もう少し具体的には,原子単位系は,静止電子質量 $\me$,換算プランク定数 $\hbar$,電気素量 $e$ をそれぞれ質量,作用,電荷の基準とする(すなわちこれらをすべて 1 単位とする)Hartree によって提唱された単位系です。さらに以下の式(\ref{Ehhartreedef})で表される $\Eh$ をエネルギーの基準としたものが Hartree 原子単位系であり,$\Eh$ は Bohr 半径 $a_0$ の距離を隔てた二つの電気素量に相当する電荷によるクーロンエネルギーで定義されます。これは,基底状態の水素原子において,電子と陽子の距離が Bohr 半径であるときのクーロンポテンシャルエネルギーに相当します。

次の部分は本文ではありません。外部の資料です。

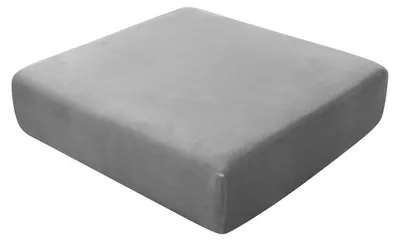 Imagen del producto de Fundas elásticas de terciopelo para cojines de sofás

$$\Eh = \frac{1}{4\pi\varepsilon_0}\frac{e^2}{a_0} \label{Ehhartreedef}$$

$\Eh$ に相当するエネルギーを $1\unit{hartree}$ と表します。他にも,エネルギーをリュードベリ $\mathrm{Ry}$ を単位とするリュードベリ原子単位系というものもありますが,ここでは詳細を割愛します。

式(\ref{Ehhartreedef})の右辺に各定数の SI 単位系(MKSA 単位系)での値を代入して,$1\unit{hartree}$ を MKSA 単位系に換算すると $4.359\times 10^{-18}\unit{J}$ となります。また,原子単位系を採用する際には,これと併せて,Gauss 単位系を用いることが多く,Gauss 単位系は,MKSA 単位系において,$\frac{1}{4\pi\varepsilon_0}$ で表される比例係数を 1 とする単位系です。通常,Hartree 原子単位系(あるいは単に原子単位系)と言えば,Gauss 単位系を採用した Hartree 原子単位系を意味します

Bohr半径 $a_0$ は,Bohr の原子模型における,水素原子の第一軌道半径で定義され,Gauss 単位系では次式となります。

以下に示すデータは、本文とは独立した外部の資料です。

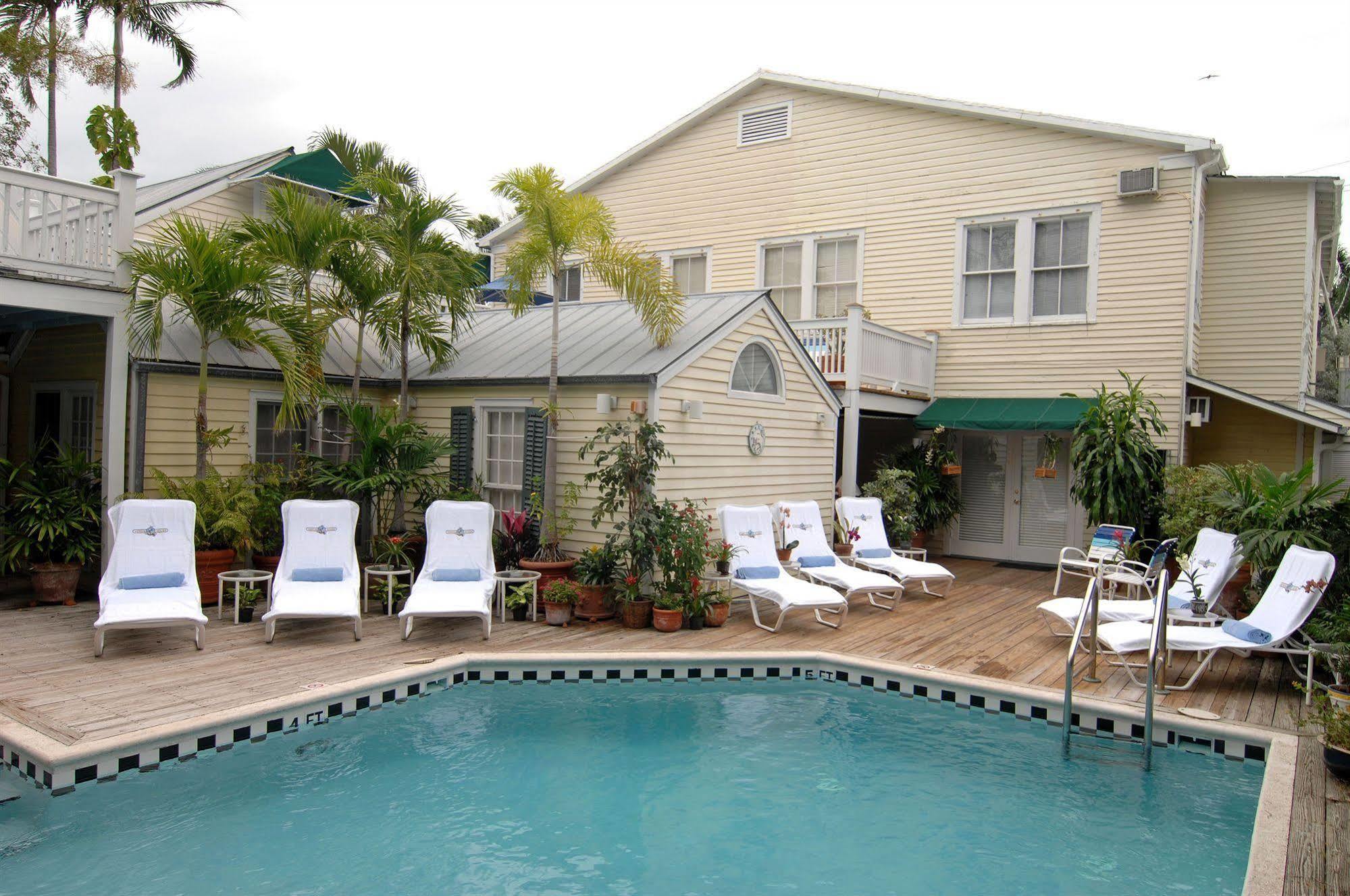 Heron House Court (Adults Only) Hotell Key West Eksteriør bilde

$$a_0 = \frac{\hbar^2}{\me\,e^2}$$

したがって,(Gauss 単位系を採用した)原子単位系における Bohr 半径は,やはり 1(正確には $1\unit{a_0}$ と書くべきでしょう)となります。$\Eh$ も $a_0$ も $\me$,$\hbar$,$e$ に従属しており,数値はすべて 1 であるので,結果として原子単位系ではこれらの五つのうちの任意の三つを 1 単位と定義する単位系であると言うこともできるわけです。あるいは四つを 1 単位と定義すれば,Gauss 単位系が自動的に組み込まれるという言い方をしてもよいかもしれません。

原子単位系では,数値の後ろに基本となる物理定数を記すことで,どの物理量について述べているかを表します。例えば,質量であれば $1.0\,[\me]$ などと書きます。一方,物理量に関わらず,すべて atomic units の頭文字をとって $\mathrm{a.u.}$ あるいは $\mathrm{au}$ で表すという流儀もあります。例えば,原子単位系での Bohr 半径は $1\unit{au}$ となるわけですが,この場合,$\mathrm{au}$ が長さを表しているということは文脈から判断するか,あるいは明記する必要があるため,この流儀はときどき書物でも見かけますが,IUPAC では非推奨とされています。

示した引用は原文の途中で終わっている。